Depois o calçamento foi sendo desmanchado para facilitar a passagem de veículos, várias ruas sofreram uma terraplanagem tendo desfeitas as escadarias em frente ás casas. A rua Alvarenga foi a última a ser descaracterizada nos anos 60, tendo, no entanto, conservado suas escadarias.
Pouco a pouco, as casas do século XVIII foram sendo vendidas e reformadas uma a uma. Hoje, seria muito interessante fazer um inventário das casas originais e dar um incentivo às famílias que as preservam, a exemplo do que fazem países como a Venezuela ou o Peru.
A década que acelerou a descaracterização da cidade original, foi a década de 70, quando houve um enorme êxodo rural. As periferias de todas as cidades brasileiras incharam. Construções desordenadas apareceram nas encostas de Ouro Preto descaracterizando todo e entorno e acabando com a graciosidade de ruas como a de Santa Efigênia, única a serpentear ladeira acima, inspirando pintores e poetas. Muros de pedra canga, construídos na época do início da exploração do ouro, foram derrubados e usados como material de construção, a exemplo do que fizeram os espanhóis no século XVI, na bela capital inca, ambos os casos, fruto de inconseqüente ignorância.

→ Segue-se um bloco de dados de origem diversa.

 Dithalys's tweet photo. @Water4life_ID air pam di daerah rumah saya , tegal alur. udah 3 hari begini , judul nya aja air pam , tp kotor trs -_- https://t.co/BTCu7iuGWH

Hoje, o que se vê é muita gente com diploma e títulos acadêmicos mas, todo esse conhecimento não é capaz de preservar a originalidade de Ouro Preto. Corremos o risco de ver a cidade se tornar uma réplica de si mesma. Quando olhamos as fotografias da década de 50, o que sentimos é uma dor enorme ao verificar o que já foi irremediavelmente perdido. E o mais grave: as restaurações estão sendo feitas sem o acompanhamento de arqueólogos. Isto significa que muitos vestígios da nossa história estão se perdendo. Eu fui testemunha de uma ação irreparável: ao reformar o assoalho da igreja de São Francisco de Assis, os responsáveis juntaram os ossos que estavam, desde o século XVIII, enterrados nas campas numeradas e os colocaram amontoados numa única campa! O mesmo ocorreu na restauração da igreja em Furquim!

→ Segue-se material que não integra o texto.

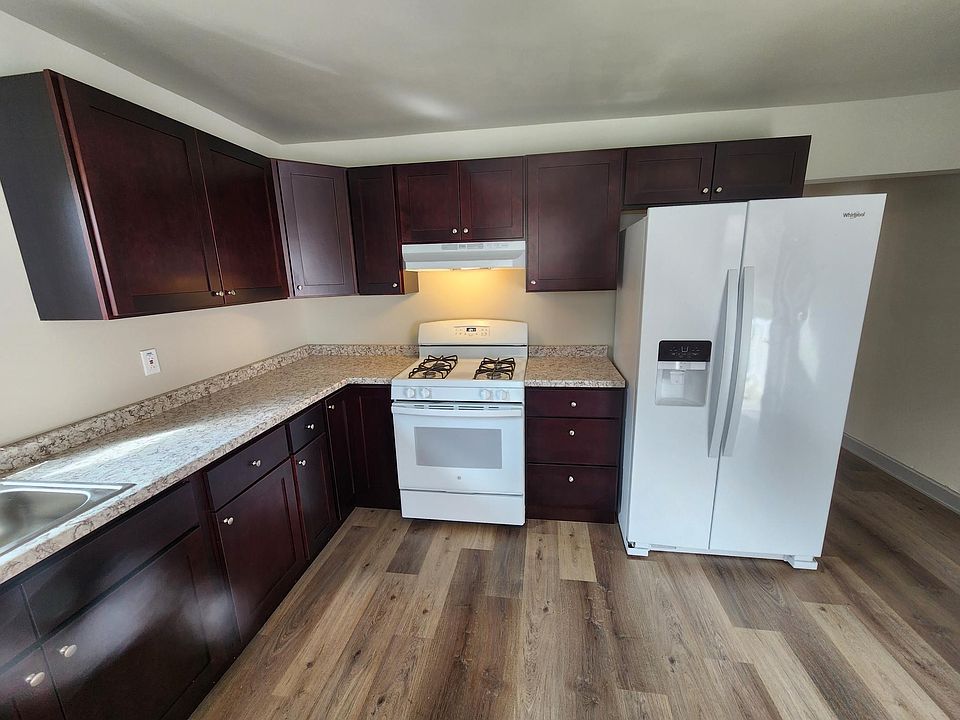 Kitchen 10'11" X 13'11"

A História é uma ciência renovada constantemente. Enquanto houver um documento ou um vestígio ainda não estudado, a história não estará de todo esclarecida. E em Ouro Preto, a cada restauração de monumentos do século XVIII, centenas de vestígios, preciosos para a elucidação de fatos históricos, se perdem. A história dos africanos ou das classes menos favorecidas depende muito desses vestígios pois, quase não existem documentos escritos.
Lembramos que, hoje não temos em Ouro Preto mão de obra especializada em restauro de construções de pau-a-pique, nem de muros de pedra seca nem de calçamento com paralelepípedo, que, aliás, nem é o original.
Lembramos mais: hoje ainda circulam ônibus grandes pela Praça Tiradentes e excesso de microônibus por todo o centro histórico, destruindo o calçamento e provocando rachaduras nas casas.
Infelizmente, encerro essas considerações constatando que estamos hoje mais atrasados na conscientização dos moradores de uma cidade/museu como é Ouro Preto, que muitos paises da América do Sul.
Destruindo nossas referências históricas estamos perdendo a identidade e nossa força como povo.
Algumas perdas são irreparáveis.
*Angela Xavier é historiadora, autora do livro "Tesouros, Fantasmas e Lendas de Ouro Preto".